It has been raining incessantly in flood-hit Gopalganj district in North Bihar since Wednesday afternoon, adding to the havoc the Gandak River has been spreading after it breached its embankment in Barauli block in the early hours of Thursday.
“Where do we go in this rain? We do not know of any relief camps nearby. Most of us don’t want to leave our villages in the absence of assurances of adequate relief and shelter. And even if we do move away, what happens to our cattle?” asked Chandrama Rai of Bhainsahi. Rai said that though his family had moved to a nearby embankment that seemed relatively safe, he had stayed back to take care of his 12 hi-breed cows and buffaloes.
At Sariara, a couple of kilometers from Baterdeh, women and the elderly have already moved atop a stretch of the embankment. The men have stayed back to ensure that their houses remain secure.
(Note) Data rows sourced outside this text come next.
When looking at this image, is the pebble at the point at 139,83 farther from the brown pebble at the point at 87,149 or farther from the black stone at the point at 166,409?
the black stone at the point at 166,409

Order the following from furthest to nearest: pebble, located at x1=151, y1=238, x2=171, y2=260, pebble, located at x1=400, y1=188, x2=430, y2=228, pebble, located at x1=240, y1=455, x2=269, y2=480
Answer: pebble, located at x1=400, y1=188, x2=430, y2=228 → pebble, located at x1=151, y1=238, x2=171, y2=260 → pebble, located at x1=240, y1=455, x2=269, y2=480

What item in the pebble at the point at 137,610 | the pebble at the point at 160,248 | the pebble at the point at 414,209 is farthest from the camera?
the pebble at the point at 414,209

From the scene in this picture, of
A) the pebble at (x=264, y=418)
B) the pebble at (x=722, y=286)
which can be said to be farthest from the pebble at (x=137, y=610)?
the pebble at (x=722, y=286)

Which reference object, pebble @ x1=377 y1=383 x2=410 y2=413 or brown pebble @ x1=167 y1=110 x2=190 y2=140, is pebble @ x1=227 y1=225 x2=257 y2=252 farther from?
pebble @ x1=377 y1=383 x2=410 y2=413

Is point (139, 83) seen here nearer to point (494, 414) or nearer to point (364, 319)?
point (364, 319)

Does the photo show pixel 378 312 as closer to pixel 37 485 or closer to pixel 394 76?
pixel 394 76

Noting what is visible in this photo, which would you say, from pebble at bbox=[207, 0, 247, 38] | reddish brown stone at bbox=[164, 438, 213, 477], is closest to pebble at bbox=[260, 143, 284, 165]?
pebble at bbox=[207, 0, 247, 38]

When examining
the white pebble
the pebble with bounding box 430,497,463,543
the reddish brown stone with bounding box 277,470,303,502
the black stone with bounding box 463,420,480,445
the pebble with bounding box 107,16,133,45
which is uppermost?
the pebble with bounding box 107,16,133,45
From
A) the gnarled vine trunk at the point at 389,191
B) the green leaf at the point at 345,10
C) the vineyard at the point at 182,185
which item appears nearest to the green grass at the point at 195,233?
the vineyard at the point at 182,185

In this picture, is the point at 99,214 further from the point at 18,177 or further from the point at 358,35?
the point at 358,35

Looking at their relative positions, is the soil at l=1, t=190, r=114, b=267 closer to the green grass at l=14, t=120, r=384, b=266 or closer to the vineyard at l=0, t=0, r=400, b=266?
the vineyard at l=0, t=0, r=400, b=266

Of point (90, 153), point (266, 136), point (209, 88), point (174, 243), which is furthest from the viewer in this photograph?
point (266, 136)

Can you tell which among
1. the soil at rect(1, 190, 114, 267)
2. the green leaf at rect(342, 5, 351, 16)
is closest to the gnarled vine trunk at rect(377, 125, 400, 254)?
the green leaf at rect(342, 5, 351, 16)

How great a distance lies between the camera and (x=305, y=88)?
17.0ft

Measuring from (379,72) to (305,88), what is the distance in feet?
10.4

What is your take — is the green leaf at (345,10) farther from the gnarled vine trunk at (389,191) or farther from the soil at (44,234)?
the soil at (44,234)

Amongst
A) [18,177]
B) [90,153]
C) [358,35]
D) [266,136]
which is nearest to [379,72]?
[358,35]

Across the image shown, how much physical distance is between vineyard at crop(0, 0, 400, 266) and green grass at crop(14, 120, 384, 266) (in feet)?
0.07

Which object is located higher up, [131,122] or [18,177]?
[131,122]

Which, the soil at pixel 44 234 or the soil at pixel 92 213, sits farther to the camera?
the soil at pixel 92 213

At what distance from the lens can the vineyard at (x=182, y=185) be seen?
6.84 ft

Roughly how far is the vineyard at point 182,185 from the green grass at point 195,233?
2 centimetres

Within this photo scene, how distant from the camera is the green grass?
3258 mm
“Once the embankment at Simaria breaches, which is likely, the region would be one sheet of muddy water with most houses going under. We are keeping a close watch and will leave for the embankments the minute we sense danger,” said Harihar Pandey, one of Sariara’s more prosperous farmers.
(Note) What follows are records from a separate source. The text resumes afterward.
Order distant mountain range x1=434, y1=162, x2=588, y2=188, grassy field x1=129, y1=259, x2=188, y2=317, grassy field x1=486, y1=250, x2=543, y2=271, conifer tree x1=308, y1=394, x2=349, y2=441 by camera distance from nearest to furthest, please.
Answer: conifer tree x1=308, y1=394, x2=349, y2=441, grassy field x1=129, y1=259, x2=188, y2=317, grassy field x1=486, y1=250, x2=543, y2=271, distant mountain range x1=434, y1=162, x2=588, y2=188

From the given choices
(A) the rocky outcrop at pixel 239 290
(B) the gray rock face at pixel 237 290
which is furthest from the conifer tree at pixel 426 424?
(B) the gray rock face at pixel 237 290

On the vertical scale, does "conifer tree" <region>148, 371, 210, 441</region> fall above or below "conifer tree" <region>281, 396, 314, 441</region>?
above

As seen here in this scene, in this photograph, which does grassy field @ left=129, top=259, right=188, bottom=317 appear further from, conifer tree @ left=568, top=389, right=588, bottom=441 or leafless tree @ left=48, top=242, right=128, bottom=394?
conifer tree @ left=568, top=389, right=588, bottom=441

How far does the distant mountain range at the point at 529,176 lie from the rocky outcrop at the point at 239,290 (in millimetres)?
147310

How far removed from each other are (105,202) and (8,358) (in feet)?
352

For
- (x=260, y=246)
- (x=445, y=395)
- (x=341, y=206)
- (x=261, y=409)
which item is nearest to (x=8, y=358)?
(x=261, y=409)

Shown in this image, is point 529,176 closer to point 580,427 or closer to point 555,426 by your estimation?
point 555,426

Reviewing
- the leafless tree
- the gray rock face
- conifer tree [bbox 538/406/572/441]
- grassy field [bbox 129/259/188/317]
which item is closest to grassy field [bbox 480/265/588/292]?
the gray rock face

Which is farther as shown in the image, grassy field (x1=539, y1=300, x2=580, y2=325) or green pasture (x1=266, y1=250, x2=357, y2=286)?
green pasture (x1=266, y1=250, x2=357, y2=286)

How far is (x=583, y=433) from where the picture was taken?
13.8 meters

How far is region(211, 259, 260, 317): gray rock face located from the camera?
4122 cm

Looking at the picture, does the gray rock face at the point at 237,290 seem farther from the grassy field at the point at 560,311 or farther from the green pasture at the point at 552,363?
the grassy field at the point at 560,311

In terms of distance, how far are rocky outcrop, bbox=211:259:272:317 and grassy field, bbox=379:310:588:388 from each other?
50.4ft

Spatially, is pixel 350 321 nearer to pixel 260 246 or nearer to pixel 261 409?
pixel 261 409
“Since early today we had been trying to shore up the pressured embankment with sandbags and boulders. It proved to be of no use. The river waters just pounded them away as if they were matchsticks. We are now shoring up the Simaria-Sidhwalia road in the hope that it might just be able to withstand the river’s pressure. If the road gives way, it would spell real big trouble for villagers of the region,” said a water resources department engineer.
IAS officers pitch in
It was a rare sight – IAS officers working like labourers to plug the flow of the angry Gandak on Thursday.
They included Bihar’s Development Commissioner K.C. Saha, Gopalganj District Magistrate D. Balamurugan, Principal Secretary of the Water Resources Department (WRD) Ajoy Nayak and Engineer-in-Chief of the North Division of the WRD Rajeshwar Dayal.
They were turning over sacks of sand and carrying boulders to plug the flow of the Gandak further into the rural areas. The IAS officers joined the 2,000 volunteers and 3,000 labourers in the effort to save vulnerable villages from inundation.
“They have won our hearts and inspired us to join the effort,” said Santosh Mahato of Semaria village.